### [Exercise]
Print exactly the lines from the one containing "sofabord Ø68x43 cm massivt akacietræ" through the last line of the entries below; the pictures stay out of the copy.

[Records from a collection]
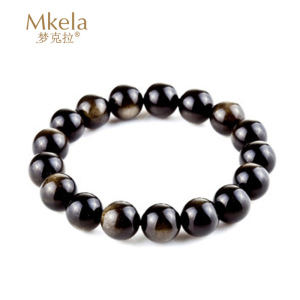 梦克拉 Mkela 金曜石手链 黑金诱惑 经典复古 黑色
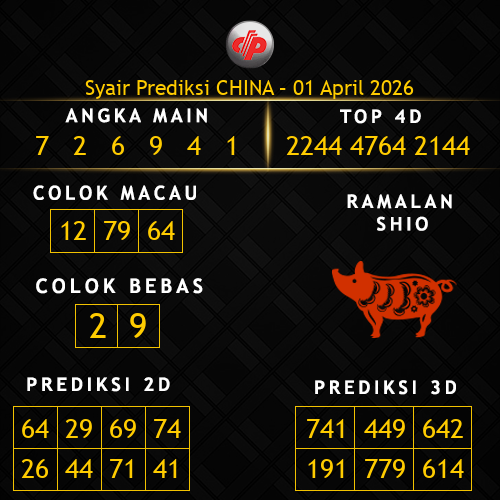 Prediksi China Hari Ini 1-april-2026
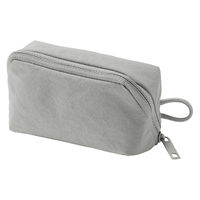 無印良品 リンクルナイロン 大きく開くポーチ グレー Ｓ 約１１×６×３．５ｃｍ 良品計画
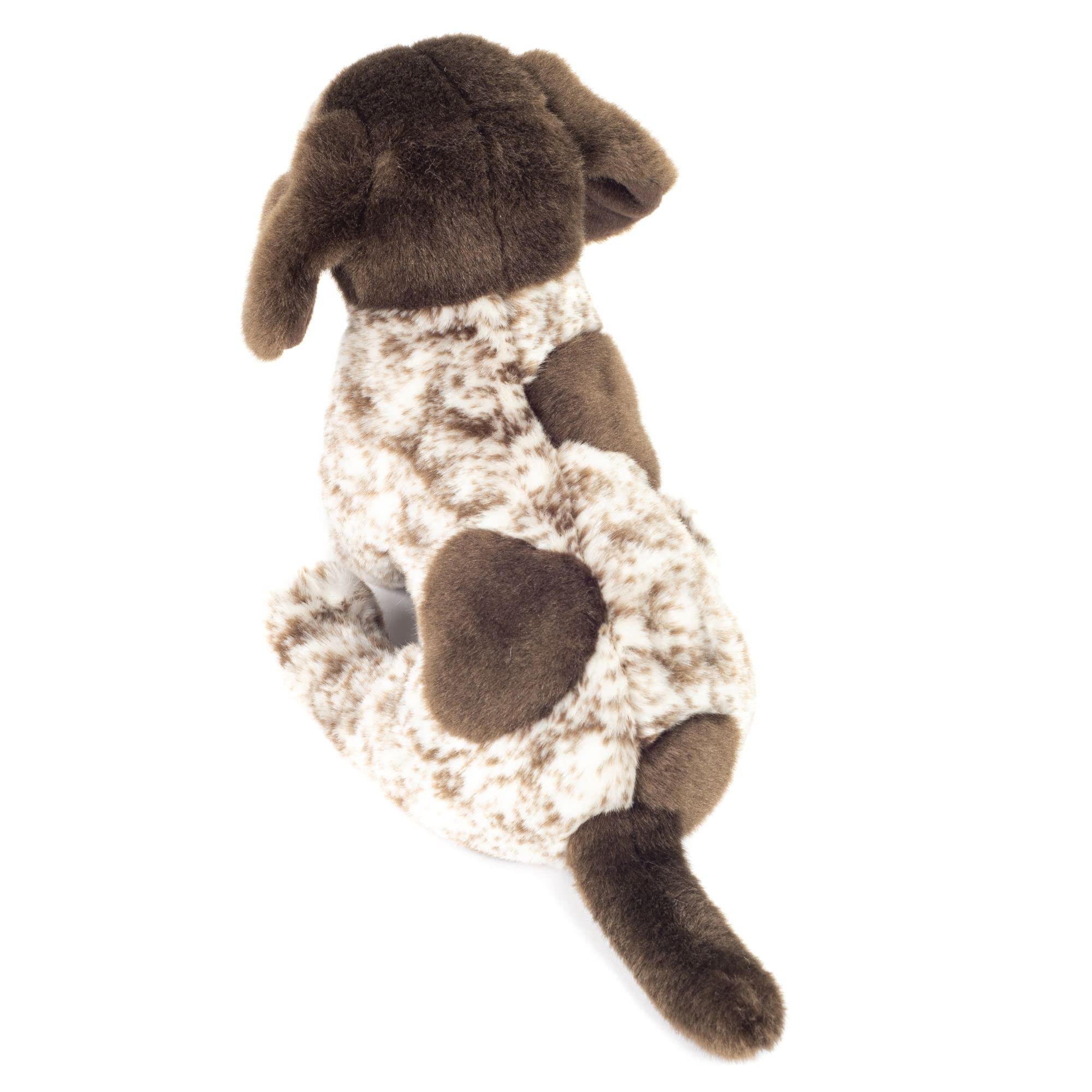 Teddy Hermann 91968 niemiecki szczeniak z drucianego włosa, 30 cm, przytulanka, pluszowa zabawka z wypełnieniem z recyklingu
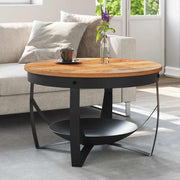 sofabord Ø68x43 cm massivt akacietræ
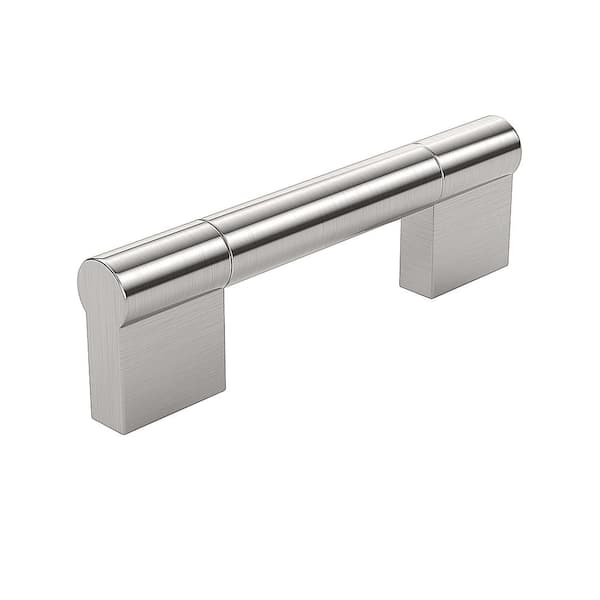 Avellino Collection 3-3/4 in. (96 mm) Modern Brushed Nickel Cabinet Bar Pull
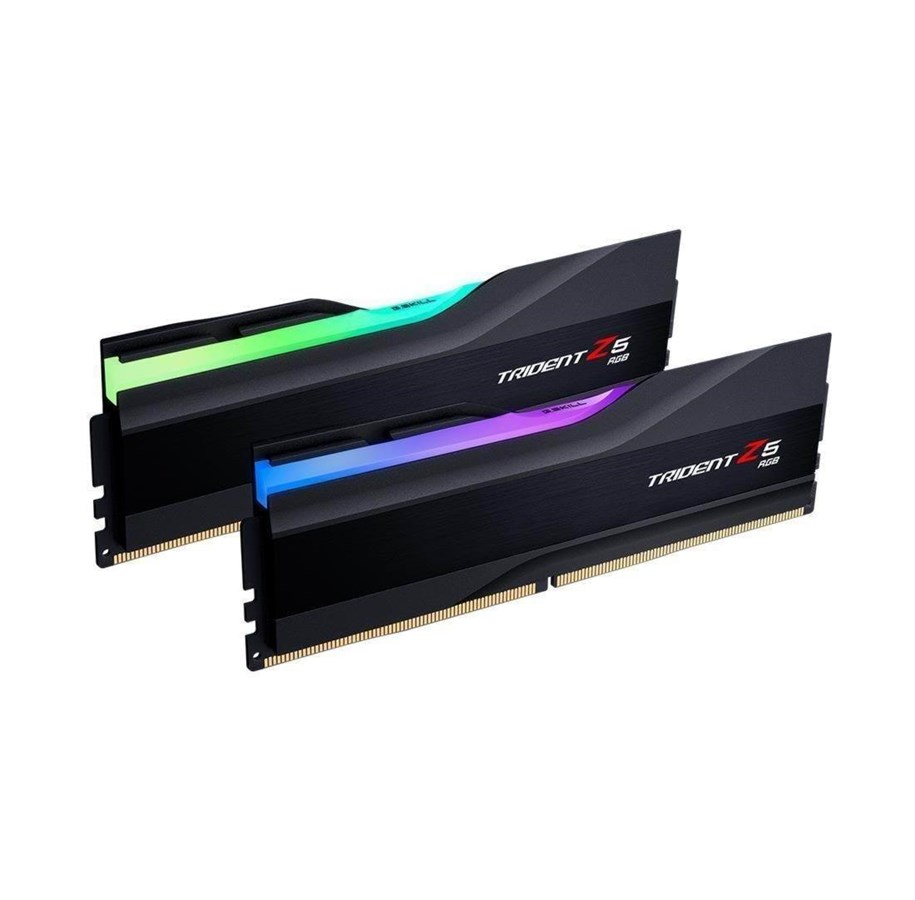Arbeitsspeicher (RAM) - G.Skill Trident Z5 RGB DDR5-6800 - 32GB - CL34 - Dual Channel (2 pcs) - Intel XMP - Schwarz mit RGB - F5-6800J3445G16GX2-TZ5RK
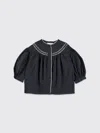 Bonpoint Kid - Elham Embroidered Blouse In Black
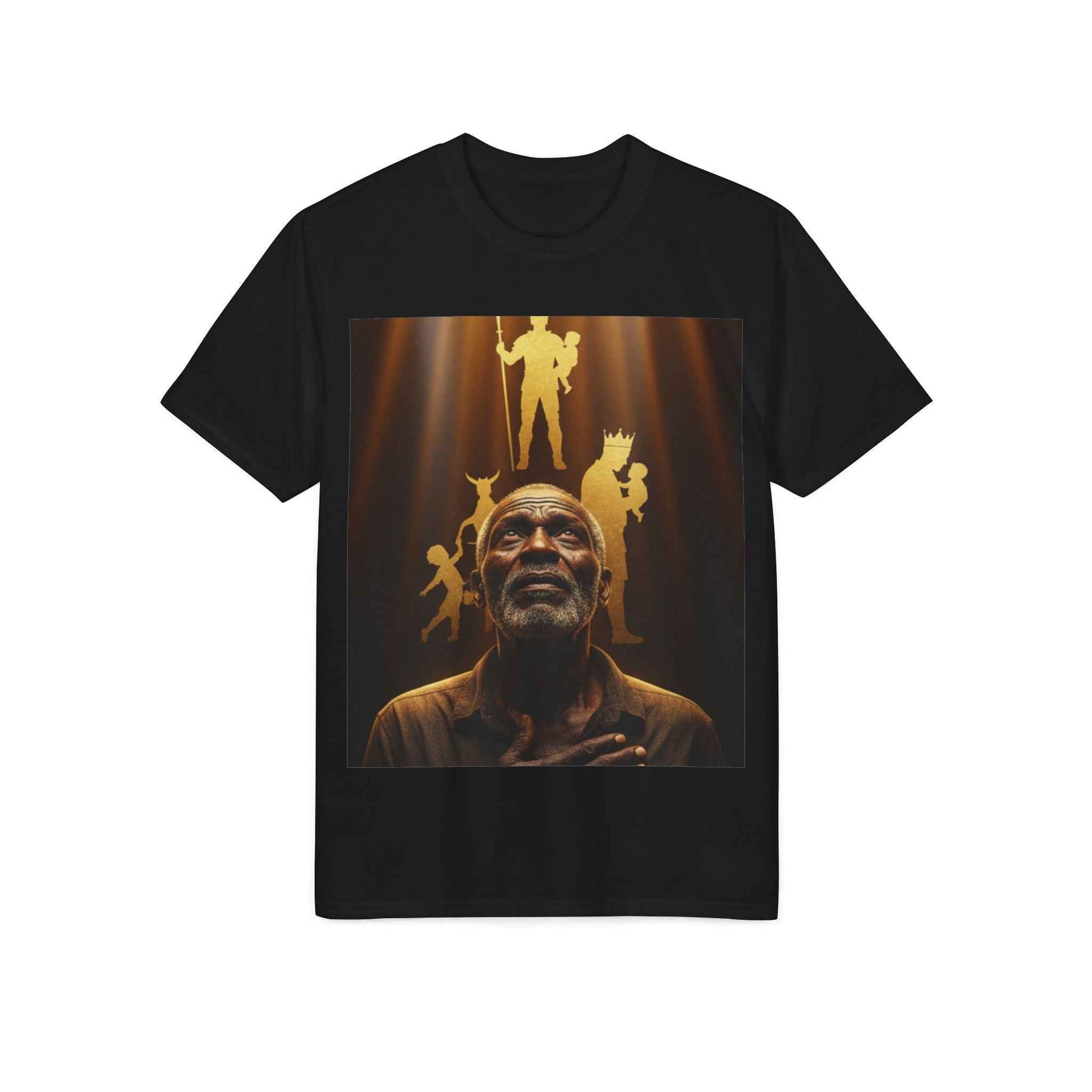 Inspirational Heroes T-Shirt — Golden Legacy Portrait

### [Answer box]
 sofabord Ø68x43 cm massivt akacietræ
 Avellino Collection 3-3/4 in. (96 mm) Modern Brushed Nickel Cabinet Bar Pull
Arbeitsspeicher (RAM) - G.Skill Trident Z5 RGB DDR5-6800 - 32GB - CL34 - Dual Channel (2 pcs) - Intel XMP - Schwarz mit RGB - F5-6800J3445G16GX2-TZ5RK
 Bonpoint Kid - Elham Embroidered Blouse In Black
 Inspirational Heroes T-Shirt — Golden Legacy Portrait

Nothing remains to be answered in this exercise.